To enable high-radix topologies described in earlier chapters, a scalable switch microarchitecture
is needed that can scale to a high port count. Conventional router microarchitecture for low-radix
topologies had a limited number of ports (i.e., 6 to 8 ports) and thus, centralized arbitration could
be used. However, arbitration logic is proportional the O(k 2 ) where k is the router radix (number
of input and output ports). In this chapter, we describe a baseline router design, similar to that used
for a low-radix router [ 49 , 55 ]. This design scales poorly to high radix due to the complexity of the
allocators and the wiring needed to connect them to the input and output ports. To overcome this
limitation while also providing high performance, we describe a hierarchical switch organization that
uses intermediate buffering to decouple the allocation between inputs and outputs while reducing
the amount of intermediate buffers required.
ROUTER MICROARCHITECTURE BASICS
A block diagram of the baseline router architecture is shown in Figure 6.1 . Arriving data is stored in
the input buffers. These input buffers are typically separated into several parallel virtual channels that
can be used to prevent deadlock, implement priority classes, and increase throughput by allowing
blocked packets to be passed. The input buffers and other router resources are allocated in fixed-size
units called flits, and each packet is broken into one or more flits as shown in Figure 6.2 (a).

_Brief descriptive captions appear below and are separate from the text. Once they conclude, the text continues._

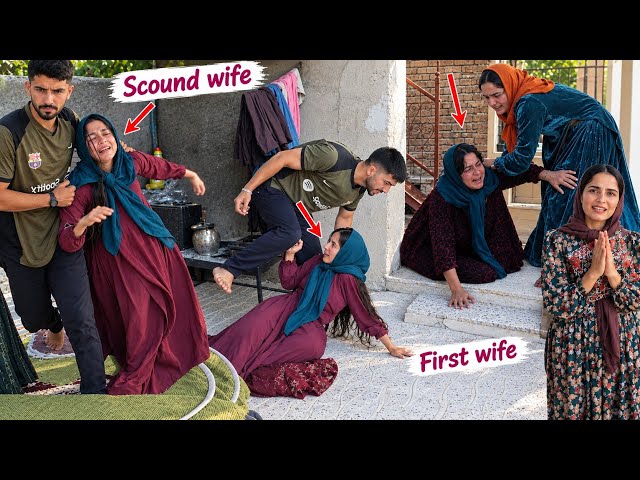 Unexpected News for the Second Wife;Ahmed and Khadija Shocked Her! A Heavy Blow She Never Saw Coming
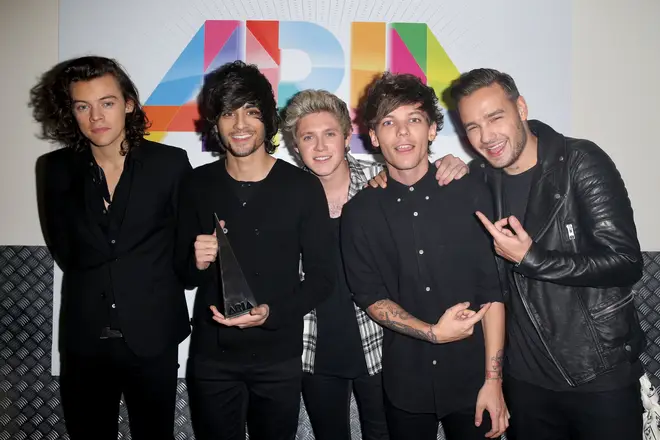 Simon Cowell a fondé One Direction en 2010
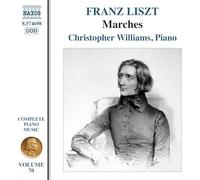 Christopher Williams - Complete Piano Music, Vol. 70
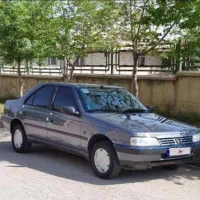 پژو405دوگانه شرکتی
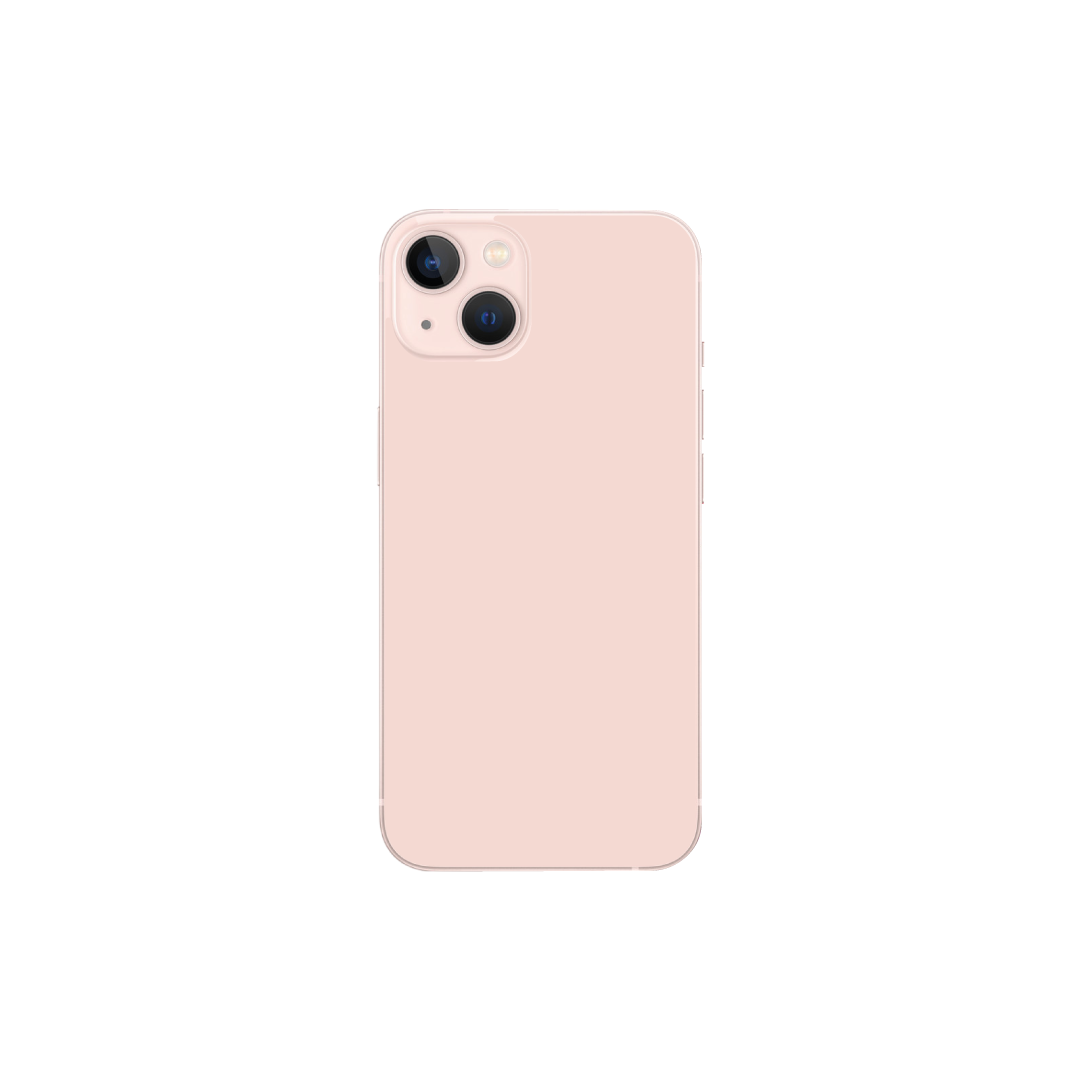 Back Skin Film Solid Color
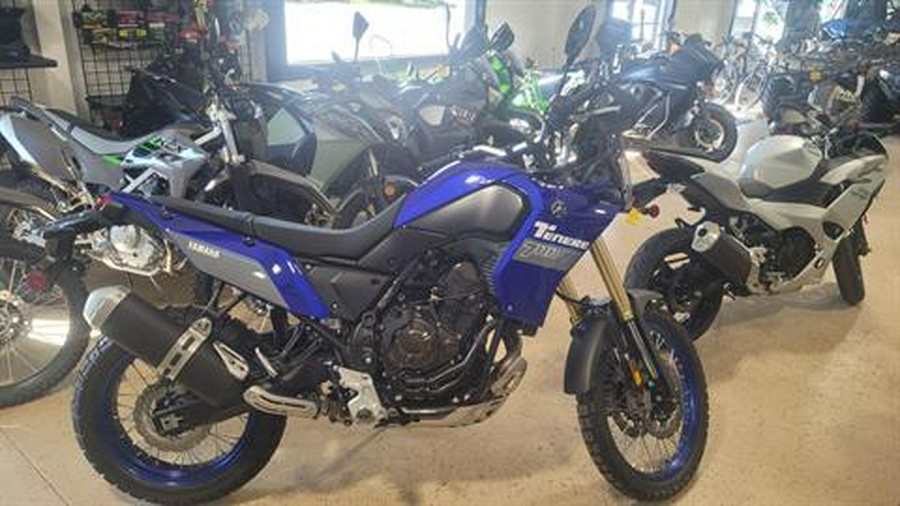 2024 Yamaha Ténéré 700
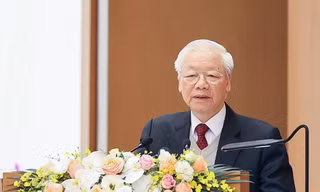 Toàn văn phát biểu của Tổng Bí thư tại Hội nghị Chính phủ với các địa phương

The progression of a packet through this router can be separated into per-packet and per-flit
steps. The per-packet actions are initiated as soon as the header flit , the first flit of a packet, arrives:
1. Route computation (RC) - based on information stored in the header, the output port of the
packet is selected.
2. Virtual-channel allocation (VA) - a packet must gain exclusive access to a downstream virtual
channel associated with the output port from route computation. Once these per-packet steps
are completed, per-flit scheduling of the packet can begin.
3. Switch allocation (SA) - if there is a free buffer in its output virtual channel, a flit can vie for
access to the crossbar.
4. Switch traversal (ST) - once a flit gains access to the crossbar, it can be transferred from its
input buffers to its output and on to the downstream router.